The READY state explicitly tracks when infrastructure is fully provisioned but the user has not yet logged in. This enables: (1) user engagement metrics, (2) no-show detection, (3) event-driven state transitions from LDS.

FR-2.2.2: Session Attributes

A LabletSession SHALL include the following attributes (per ADR-020, ADR-021):

Attribute Type Required Description
id UUID Yes Unique identifier
definition_id UUID Yes Reference to LabletDefinition
definition_version semver Yes Pinned definition version
worker_id UUID No Assigned worker (null until scheduled)
state enum Yes Current lifecycle state (LabletSessionStatus)
lab_record_id UUID No Bound LabRecord on worker (1:1 active binding, per ADR-020)
allocated_ports map No Port allocations β€” serial, vnc, etc. (absorbed from LabletRecordRun)
user_session_id UUID No FK β†’ UserSession entity (null until INSTANTIATING)
grading_session_id UUID No FK β†’ GradingSession entity (null until COLLECTING)
score_report_id UUID No FK β†’ ScoreReport entity (null until grading completes)
timeslot_start datetime Yes Requested start time
timeslot_end datetime Yes Maximum end time
owner_id string Yes Requestor identity
reservation_id UUID No Associated exam/session reservation
created_at datetime Yes Request timestamp
started_at datetime No Actual start timestamp (absorbed from LabletRecordRun)
ended_at datetime No Session end timestamp (absorbed from LabletRecordRun)
duration_seconds integer No Computed session duration
terminated_at datetime No Termination timestamp

Child Entity References (ADR-021)

LDS/grading-related attributes (lds_session_id, lds_login_url, grading_score) are NOT stored directly on LabletSession. Instead, they are managed in separate child entities (UserSession, GradingSession, ScoreReport) with their own MongoDB collections. The LabletSession holds only FK references (user_session_id, grading_session_id, score_report_id) to these entities.
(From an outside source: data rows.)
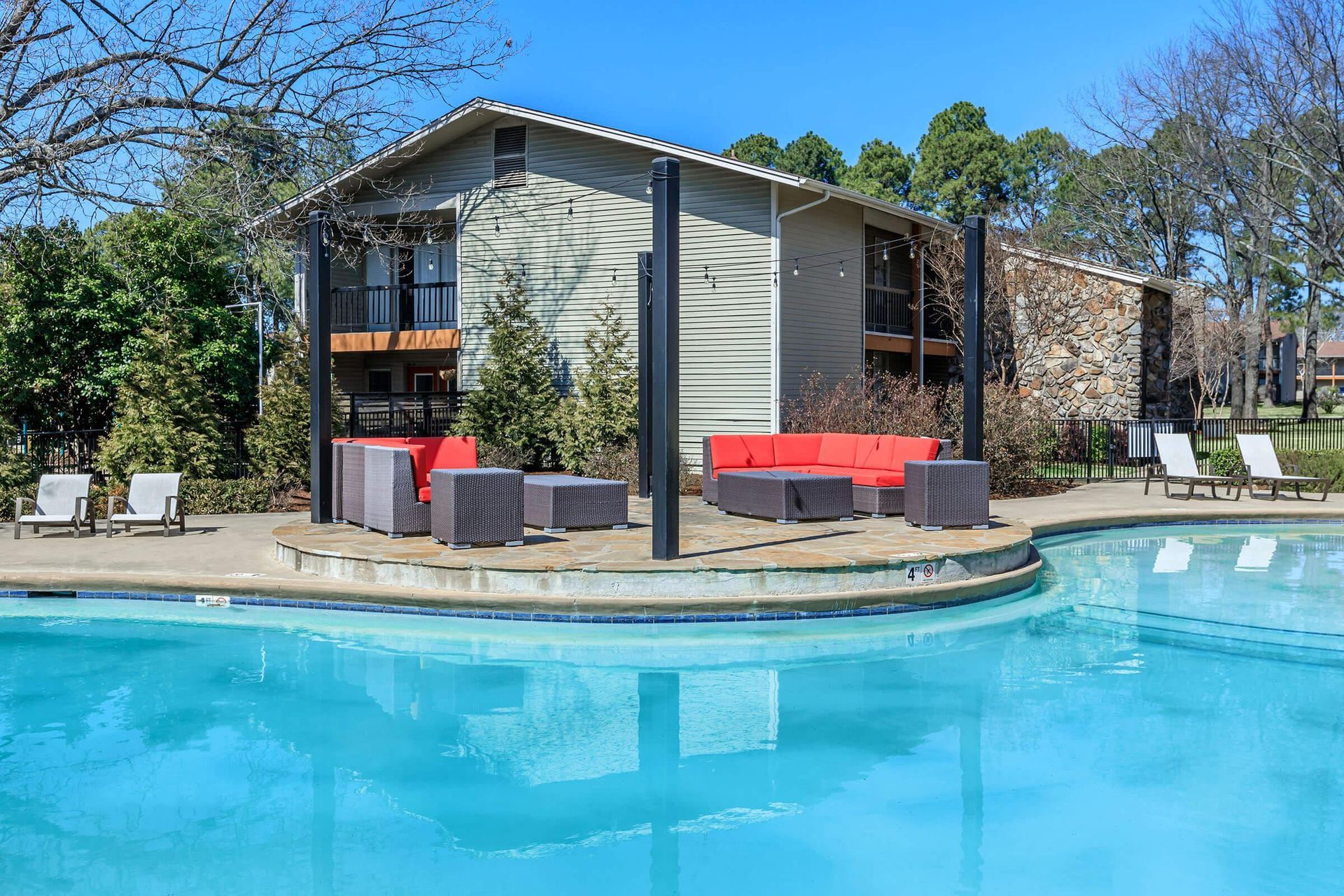There is a large swimming pool in front of a building at Overbrook Apartments.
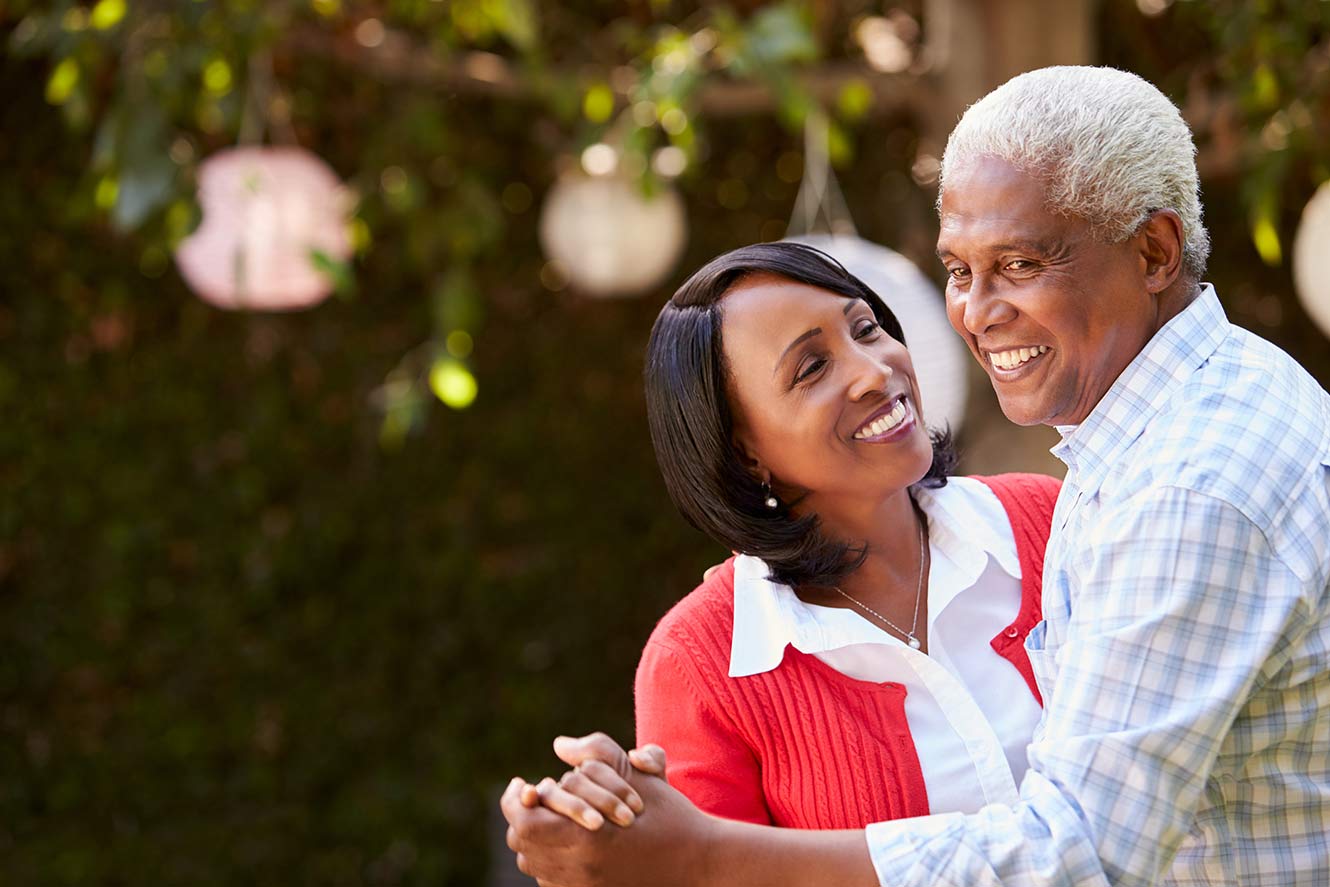 Retired couple dancing and looking happy.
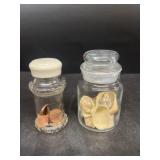 Jar of pennies and seashells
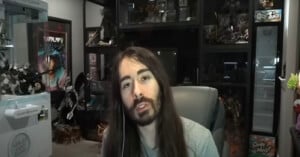 A person with long brown hair and a beard sits in a chair, speaking, with shelves filled with collectibles and action figures in the background.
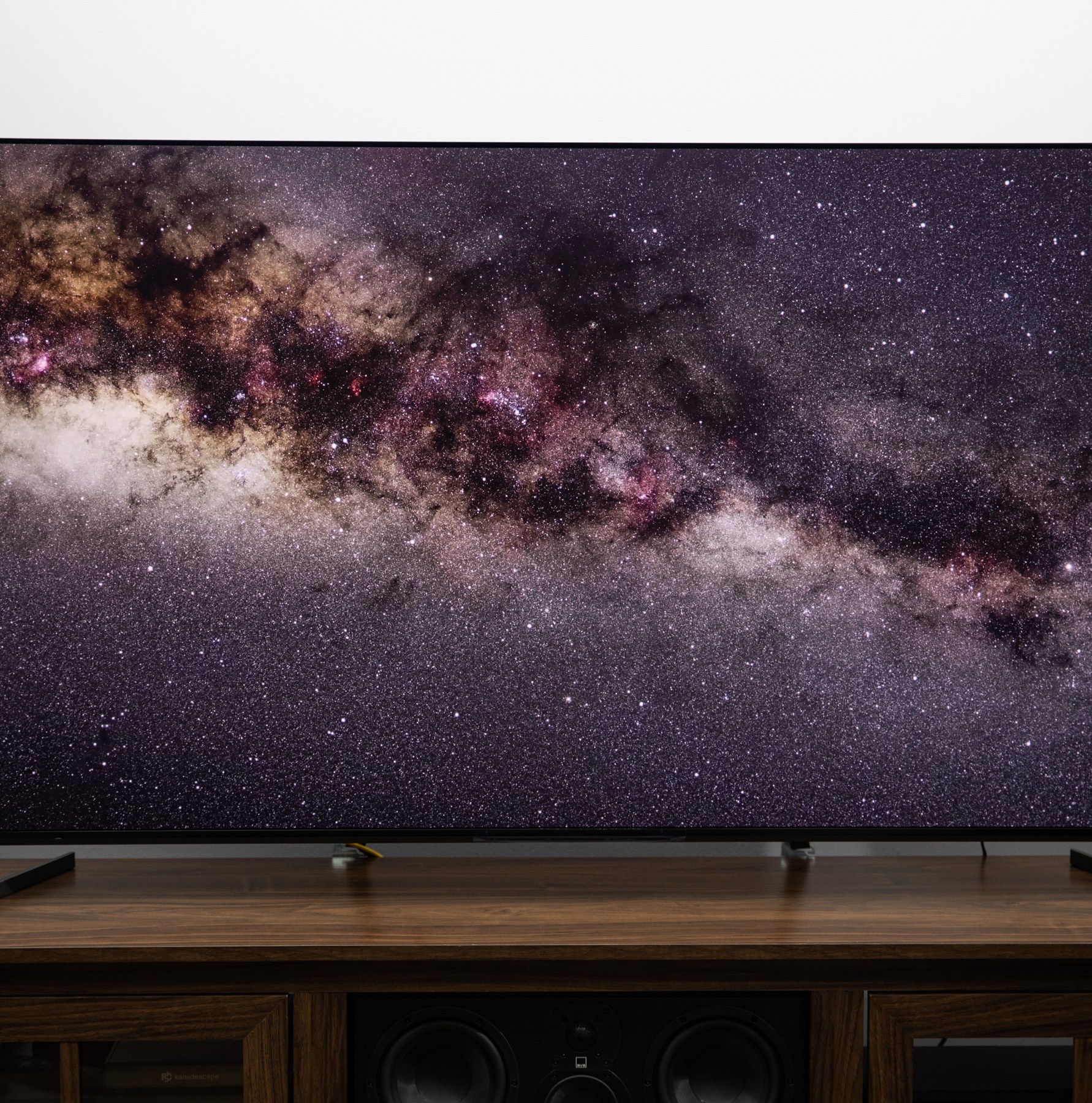 The Sony Bravia 8 II on a wooden TV stand displaying a starfield.
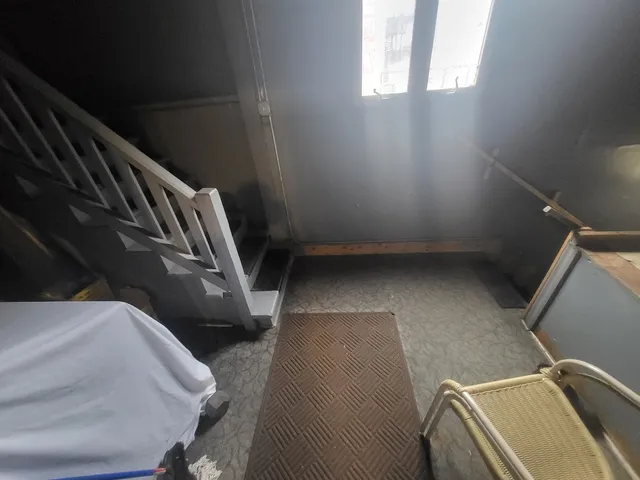 a room with water heater and racks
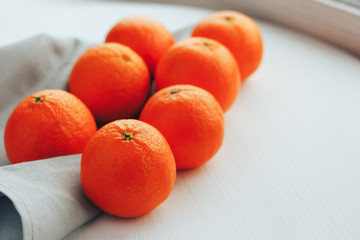 Bright Orange Mandarin on white background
FR-2.2.3: Session Operations

ID Requirement Priority
FR-2.2.3a System SHALL create LabletSession via reservation request P0
FR-2.2.3b System SHALL assign session to worker with sufficient capacity P0
FR-2.2.3c System SHALL allocate unique ports per session on assigned worker P0
FR-2.2.3d System SHALL rewrite lab YAML with allocated ports at instantiation P0
FR-2.2.3e System SHALL import rewritten lab YAML to CML worker P0
FR-2.2.3f System SHALL start lab after successful import P0
FR-2.2.3g System SHALL track session state transitions via domain events P0
FR-2.2.3h System SHALL create UserSession child entity during INSTANTIATING phase P0
FR-2.2.3i System SHALL create GradingSession child entity when entering COLLECTING P0
FR-2.2.3j System SHALL create ScoreReport child entity upon grading completion P0

FR-2.2.4: Port Allocation

ID Requirement Priority
FR-2.2.4a System SHALL allocate ports from range 2000-9999 per worker P0
FR-2.2.4b System SHALL prevent port conflicts across sessions on same worker P0
FR-2.2.4c System SHALL rewrite smart_annotations.tag values with allocated ports P0
FR-2.2.4d System SHALL release ports when session reaches TERMINATED state P0
FR-2.2.4e System SHALL track port allocations per worker P0

Port Rewriting Example:

Template (in LabletDefinition):

smart_annotations:
  - tag: serial:${PORT_SERIAL_1}
  - tag: vnc:${PORT_VNC_1}

Instantiated (per LabletSession):

smart_annotations:
  - tag: serial:5041
  - tag: vnc:5044

FR-2.2.5: LabSession Provisioning (LDS Integration)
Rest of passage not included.